▶ Aim of the exercise
Return the data below exactly, minus the pictures.

▶ Exercise data
—————

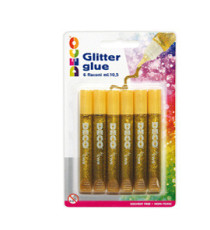 Blister colla glitter - 10,5 ml - oro - Deco - conf. 6 pezzi Blister colla glitter - 10,5 ml - oro - Deco - conf. 6 pezzi
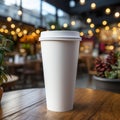 Plastic cups on plain white frosted background in cafes and supermarkets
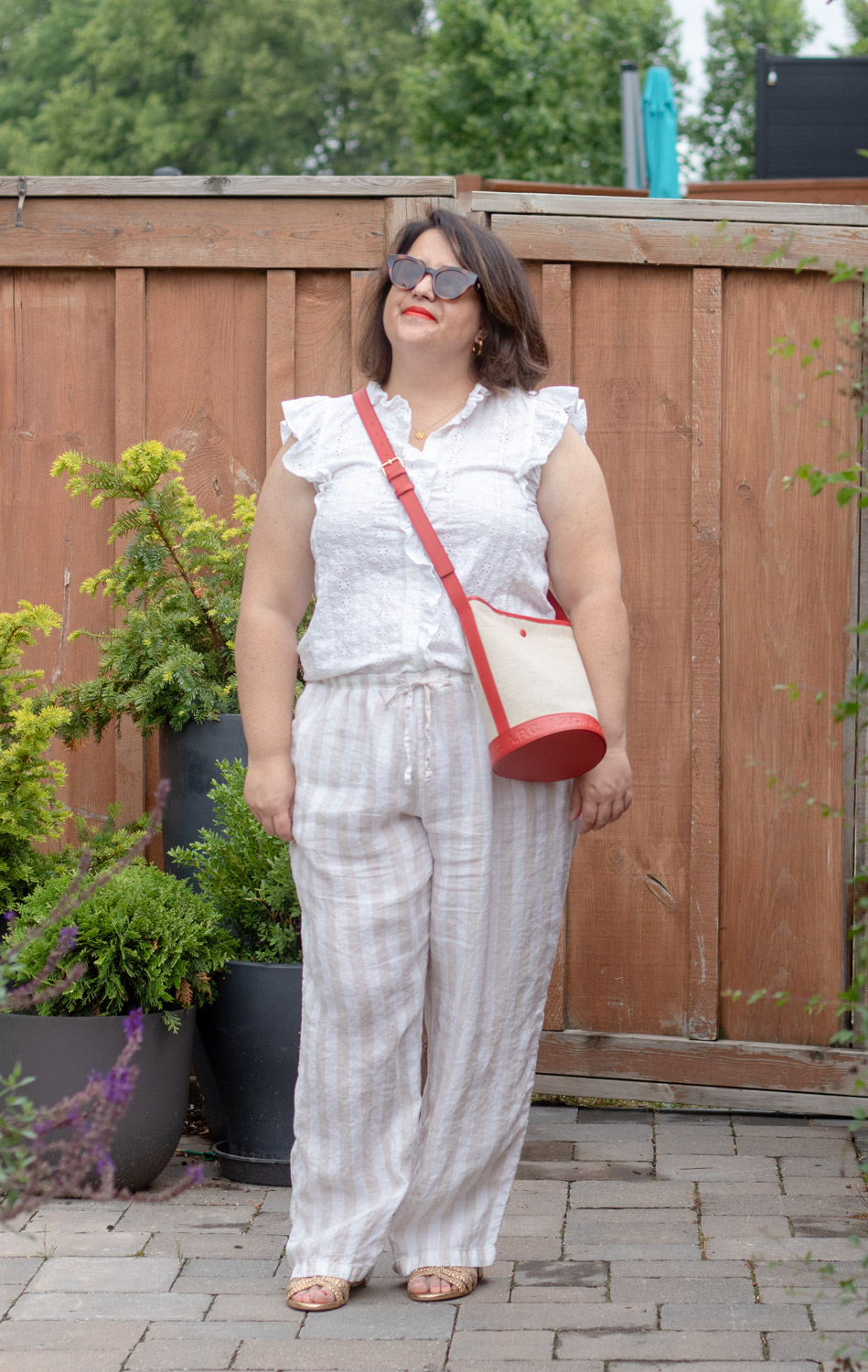 Summer linen pants outfit, apc helene bucket bag tote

—————

▶ Solution to this problem
 Blister colla glitter - 10,5 ml - oro - Deco - conf. 6 pezzi Blister colla glitter - 10,5 ml - oro - Deco - conf. 6 pezzi
 Plastic cups on plain white frosted background in cafes and supermarkets
 Summer linen pants outfit, apc helene bucket bag tote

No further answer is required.